**HOW TO COMPLETE THIS TASK:**
Look through the records below and give the number of lines holding the string "Dress", nothing more.

Excerpts from a dataset
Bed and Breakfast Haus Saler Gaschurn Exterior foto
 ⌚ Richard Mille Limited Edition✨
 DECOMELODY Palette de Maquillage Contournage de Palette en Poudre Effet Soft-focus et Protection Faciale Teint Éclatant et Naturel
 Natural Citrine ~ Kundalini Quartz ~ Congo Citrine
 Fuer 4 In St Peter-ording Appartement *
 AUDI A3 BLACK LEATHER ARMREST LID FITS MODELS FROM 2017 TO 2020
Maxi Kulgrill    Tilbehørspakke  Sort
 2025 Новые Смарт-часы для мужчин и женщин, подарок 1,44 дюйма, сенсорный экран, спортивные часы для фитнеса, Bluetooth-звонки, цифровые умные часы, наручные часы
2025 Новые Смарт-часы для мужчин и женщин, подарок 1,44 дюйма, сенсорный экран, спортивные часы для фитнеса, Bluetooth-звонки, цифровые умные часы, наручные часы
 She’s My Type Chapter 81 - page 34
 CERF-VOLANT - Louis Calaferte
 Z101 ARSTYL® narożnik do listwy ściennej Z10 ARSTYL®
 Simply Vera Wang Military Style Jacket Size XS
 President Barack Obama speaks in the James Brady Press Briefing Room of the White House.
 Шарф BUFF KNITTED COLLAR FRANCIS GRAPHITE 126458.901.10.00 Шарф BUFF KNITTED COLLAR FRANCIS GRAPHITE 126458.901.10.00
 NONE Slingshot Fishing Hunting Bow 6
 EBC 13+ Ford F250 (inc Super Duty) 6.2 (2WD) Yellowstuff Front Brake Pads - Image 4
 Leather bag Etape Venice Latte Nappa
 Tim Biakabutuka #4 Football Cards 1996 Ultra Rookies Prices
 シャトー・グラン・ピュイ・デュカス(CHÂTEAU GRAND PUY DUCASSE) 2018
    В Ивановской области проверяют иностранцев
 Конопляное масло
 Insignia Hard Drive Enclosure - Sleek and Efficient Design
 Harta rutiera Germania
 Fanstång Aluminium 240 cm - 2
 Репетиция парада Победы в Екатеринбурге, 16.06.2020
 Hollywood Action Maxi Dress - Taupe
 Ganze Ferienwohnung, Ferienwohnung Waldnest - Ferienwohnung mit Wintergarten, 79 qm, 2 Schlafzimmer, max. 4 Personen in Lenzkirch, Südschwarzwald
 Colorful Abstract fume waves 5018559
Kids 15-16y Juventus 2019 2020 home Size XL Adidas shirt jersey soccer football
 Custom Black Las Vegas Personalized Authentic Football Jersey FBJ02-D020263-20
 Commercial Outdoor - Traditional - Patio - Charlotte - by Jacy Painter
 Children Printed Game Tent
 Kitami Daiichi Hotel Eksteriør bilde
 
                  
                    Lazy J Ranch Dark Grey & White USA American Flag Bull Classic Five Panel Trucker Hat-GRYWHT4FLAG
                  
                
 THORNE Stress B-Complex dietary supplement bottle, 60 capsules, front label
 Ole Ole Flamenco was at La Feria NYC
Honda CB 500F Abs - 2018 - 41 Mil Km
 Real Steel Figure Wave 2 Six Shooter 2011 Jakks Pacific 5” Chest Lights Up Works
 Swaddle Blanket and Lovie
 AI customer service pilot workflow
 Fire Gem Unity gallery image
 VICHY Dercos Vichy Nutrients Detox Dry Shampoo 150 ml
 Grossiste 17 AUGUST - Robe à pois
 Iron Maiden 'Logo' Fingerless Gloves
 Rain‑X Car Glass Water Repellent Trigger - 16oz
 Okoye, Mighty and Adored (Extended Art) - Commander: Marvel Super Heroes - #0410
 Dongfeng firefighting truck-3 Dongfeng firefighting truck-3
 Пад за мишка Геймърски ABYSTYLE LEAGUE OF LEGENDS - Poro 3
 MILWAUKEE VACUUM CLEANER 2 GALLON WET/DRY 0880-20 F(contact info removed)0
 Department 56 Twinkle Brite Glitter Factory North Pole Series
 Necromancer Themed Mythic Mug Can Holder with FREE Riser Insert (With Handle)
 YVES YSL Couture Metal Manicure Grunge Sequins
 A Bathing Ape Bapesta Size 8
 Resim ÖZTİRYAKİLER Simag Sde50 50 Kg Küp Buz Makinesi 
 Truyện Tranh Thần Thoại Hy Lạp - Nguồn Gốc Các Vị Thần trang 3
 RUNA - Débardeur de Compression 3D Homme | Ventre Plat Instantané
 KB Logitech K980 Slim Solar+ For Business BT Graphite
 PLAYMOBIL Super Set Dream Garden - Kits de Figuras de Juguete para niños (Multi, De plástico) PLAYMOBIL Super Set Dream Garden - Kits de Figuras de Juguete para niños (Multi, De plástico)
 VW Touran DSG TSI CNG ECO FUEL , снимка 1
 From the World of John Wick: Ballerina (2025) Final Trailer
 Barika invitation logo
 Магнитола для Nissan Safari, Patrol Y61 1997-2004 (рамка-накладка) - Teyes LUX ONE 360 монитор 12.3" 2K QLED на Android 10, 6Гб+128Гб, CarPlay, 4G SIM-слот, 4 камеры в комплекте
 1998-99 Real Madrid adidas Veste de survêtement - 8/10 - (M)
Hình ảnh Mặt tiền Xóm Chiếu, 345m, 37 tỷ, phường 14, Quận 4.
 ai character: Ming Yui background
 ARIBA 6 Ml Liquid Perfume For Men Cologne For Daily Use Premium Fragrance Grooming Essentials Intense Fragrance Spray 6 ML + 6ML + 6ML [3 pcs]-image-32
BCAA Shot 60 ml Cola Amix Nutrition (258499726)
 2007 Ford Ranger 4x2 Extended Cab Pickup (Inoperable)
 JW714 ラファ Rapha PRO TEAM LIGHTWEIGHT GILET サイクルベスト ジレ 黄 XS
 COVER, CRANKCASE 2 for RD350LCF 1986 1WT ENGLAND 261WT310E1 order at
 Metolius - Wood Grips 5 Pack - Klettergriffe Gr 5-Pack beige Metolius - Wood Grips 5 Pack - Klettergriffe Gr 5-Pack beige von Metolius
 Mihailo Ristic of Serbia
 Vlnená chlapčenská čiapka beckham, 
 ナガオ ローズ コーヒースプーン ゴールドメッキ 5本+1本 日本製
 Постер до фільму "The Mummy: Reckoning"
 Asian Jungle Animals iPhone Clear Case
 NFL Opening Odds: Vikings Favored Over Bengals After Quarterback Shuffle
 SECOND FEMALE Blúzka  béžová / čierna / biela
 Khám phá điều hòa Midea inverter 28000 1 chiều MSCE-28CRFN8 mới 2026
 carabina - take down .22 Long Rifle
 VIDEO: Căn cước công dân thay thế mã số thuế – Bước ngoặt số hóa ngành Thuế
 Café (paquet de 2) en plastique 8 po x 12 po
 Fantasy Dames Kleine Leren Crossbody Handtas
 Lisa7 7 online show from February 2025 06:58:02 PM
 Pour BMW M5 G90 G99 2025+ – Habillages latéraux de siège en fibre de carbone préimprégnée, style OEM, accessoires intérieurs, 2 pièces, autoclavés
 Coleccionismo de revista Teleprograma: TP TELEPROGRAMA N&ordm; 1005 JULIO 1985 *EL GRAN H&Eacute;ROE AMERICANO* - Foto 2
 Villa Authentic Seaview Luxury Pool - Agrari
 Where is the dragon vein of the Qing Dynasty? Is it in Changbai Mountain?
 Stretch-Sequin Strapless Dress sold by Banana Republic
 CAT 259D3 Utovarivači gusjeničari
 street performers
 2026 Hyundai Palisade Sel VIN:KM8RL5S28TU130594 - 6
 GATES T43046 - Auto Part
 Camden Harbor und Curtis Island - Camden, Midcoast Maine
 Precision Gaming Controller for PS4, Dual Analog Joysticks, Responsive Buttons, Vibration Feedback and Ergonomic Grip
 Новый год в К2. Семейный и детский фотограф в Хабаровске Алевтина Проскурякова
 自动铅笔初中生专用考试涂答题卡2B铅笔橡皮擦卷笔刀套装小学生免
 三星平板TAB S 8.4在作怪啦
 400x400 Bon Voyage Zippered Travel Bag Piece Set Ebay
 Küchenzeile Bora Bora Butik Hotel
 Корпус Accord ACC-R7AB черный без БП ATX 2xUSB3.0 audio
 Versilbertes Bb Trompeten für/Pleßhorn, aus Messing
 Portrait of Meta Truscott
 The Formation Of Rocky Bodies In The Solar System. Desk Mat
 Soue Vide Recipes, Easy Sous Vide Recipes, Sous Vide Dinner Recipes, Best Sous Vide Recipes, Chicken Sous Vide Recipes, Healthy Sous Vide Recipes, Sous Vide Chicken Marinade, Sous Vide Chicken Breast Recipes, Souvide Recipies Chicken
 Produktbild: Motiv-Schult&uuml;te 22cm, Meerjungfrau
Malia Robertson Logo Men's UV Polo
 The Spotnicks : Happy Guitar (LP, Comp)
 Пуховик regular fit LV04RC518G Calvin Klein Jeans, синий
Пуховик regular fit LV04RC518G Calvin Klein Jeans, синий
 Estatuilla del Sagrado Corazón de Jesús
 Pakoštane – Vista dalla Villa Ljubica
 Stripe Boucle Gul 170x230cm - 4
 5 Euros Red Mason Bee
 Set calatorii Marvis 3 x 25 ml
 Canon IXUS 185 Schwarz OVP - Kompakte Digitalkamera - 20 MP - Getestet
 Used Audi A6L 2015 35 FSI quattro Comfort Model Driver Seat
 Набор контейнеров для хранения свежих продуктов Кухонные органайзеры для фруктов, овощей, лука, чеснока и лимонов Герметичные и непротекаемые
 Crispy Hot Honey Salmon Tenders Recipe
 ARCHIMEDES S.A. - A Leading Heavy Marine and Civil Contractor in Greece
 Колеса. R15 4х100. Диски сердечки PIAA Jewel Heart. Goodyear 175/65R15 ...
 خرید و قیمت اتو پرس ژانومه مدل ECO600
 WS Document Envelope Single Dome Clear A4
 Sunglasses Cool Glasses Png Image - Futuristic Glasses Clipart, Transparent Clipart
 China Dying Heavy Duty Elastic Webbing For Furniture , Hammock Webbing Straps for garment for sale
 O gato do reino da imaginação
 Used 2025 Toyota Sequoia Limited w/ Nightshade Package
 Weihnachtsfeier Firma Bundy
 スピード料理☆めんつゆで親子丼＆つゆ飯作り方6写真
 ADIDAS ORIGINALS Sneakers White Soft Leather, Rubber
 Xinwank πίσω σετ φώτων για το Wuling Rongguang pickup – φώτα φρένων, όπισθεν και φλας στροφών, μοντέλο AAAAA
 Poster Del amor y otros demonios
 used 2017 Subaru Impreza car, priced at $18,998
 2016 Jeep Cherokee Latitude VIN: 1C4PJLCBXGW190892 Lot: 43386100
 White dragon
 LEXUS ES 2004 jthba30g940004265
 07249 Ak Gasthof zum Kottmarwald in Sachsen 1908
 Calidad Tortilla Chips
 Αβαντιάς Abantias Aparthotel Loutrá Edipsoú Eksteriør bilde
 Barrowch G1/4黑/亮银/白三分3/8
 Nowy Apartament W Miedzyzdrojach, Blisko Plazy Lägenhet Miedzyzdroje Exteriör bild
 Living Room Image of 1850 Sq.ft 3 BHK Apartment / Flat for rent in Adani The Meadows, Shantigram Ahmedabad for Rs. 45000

**TASK OUTPUT:**
2